A mistake, which nobody heard

september 8, 2017

Juliette sat in the hall. She was surrounded at least by thousand people, excited whispering, rustling of the brochures and creaking noise of the several hundred years old chairs would have meant a pleasant buzz for anyone, but all this never reached her. She was soaking up the spectacle with widely open eyes, the sparkling of the chandeliers, the vivid colours of the frescos, the velvet burgundy colours of the curtain and of course the orchestra discreetly tuning in the orchestra pit!

Ever since she was a little girl, she was obsessed with Beethoven and the Appassionata, which according to her was the most amazing piece of the composer. Whenever she remembered the diverse pearlings, she always felt so close to the composer suffering from deafness, who had to lose whatever was the most important for him in life.

When the curtains were pulled apart and the pianist walked on stage, the eyes of Juliette were drowned in tears. She could not believe that finally, first time in her life she can enjoy the performance in live, and on the stage of the Paris Opera Palais Garnier. She tried to discreetly dry up her tears with a tissue, as she didn’t want to miss any moment. She was gazing in fascination at the fingers of the pianist, who to start with was touching the keys very gently, exchanging romantic kisses with the keyboard, and later on more intensely playing faster and trickier versions, as if he would have been dancing enthusiastically with the music. The artist closed his eyes while playing, but Juliette didn’t dare to close hers not even for a second. Similarly to her childhood, when she first heard in the study of her father, she felt again the same thing: music takes her to an unknown world. The first, fast part grabbed her like a fast-flowing river, there is no way of escaping, it is taking her and throwing her up and down, sometimes her head is out of the water, sometimes under, she doesn’t even know anymore which way is the blue sky… And then the water throws her off the cliff, so that she can pop in the lower calm lake in a purified, reborn and refreshed condition. The second, slower part cradled her; let her to lay on its back while the rays of sunlight where gently touching her face. Later on, when she got bigger she read several studies about the goals of the composer with this music, but even though she respected the music scientists, she always felt that nobody truly understood the composer. This separate world was their secret: a secret agreement between her and Beethoven, namely that no one can have a look at the little lake. In the end this was not the only thing they had in common. Therefore could she be so enthusiastic here, even if she had to go through a lot of pain in the outside world.

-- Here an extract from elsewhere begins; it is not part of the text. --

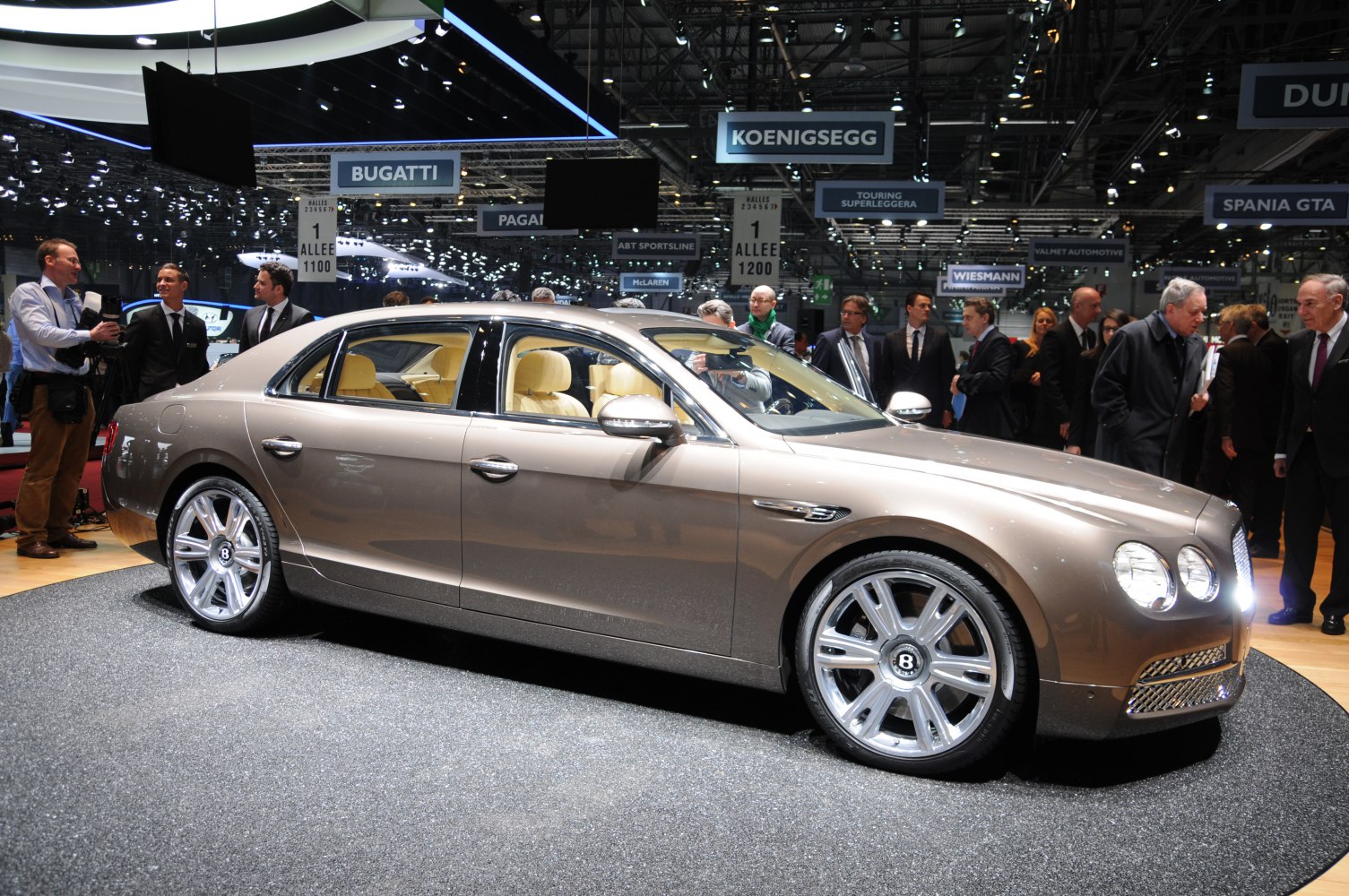 Luxury sedan with large alloy wheels at auto exhibition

The third part wasn’t so peaceful and Juliette was uncomfortably fidgeting on her chair. For her, this part always meant that her persecutors, who chased her to the river, found her: they grab her from the lake to take her with them and they wanted to take away from her the most important thing that really mattered to her, namely her love for music, which she inherited from her father. This part of the piece was bitter-sweet for her, as this was the last one she heard in her life. When her illness got worse, she played this piece to herself many many times, and every time she felt that it was taking away another piece of her hearing. When the last voices died off, the world became silent to her forever, but she could easily play it in her mind or on her piano at any time. But nothing was as beautiful as sitting here and looking at the pianist, gazing at him with widely opened eyes and noticing, nearly hearing when his finger shook a little bit at one of the notes of the last part and when he extended the pause by one hundreds of a second. This was their little secret, and from this knowledge she felt like as if she would have given her hearing back for a day.

She felt that finally she found peace: right now the last part became also comforting for her, all sadness disappeared.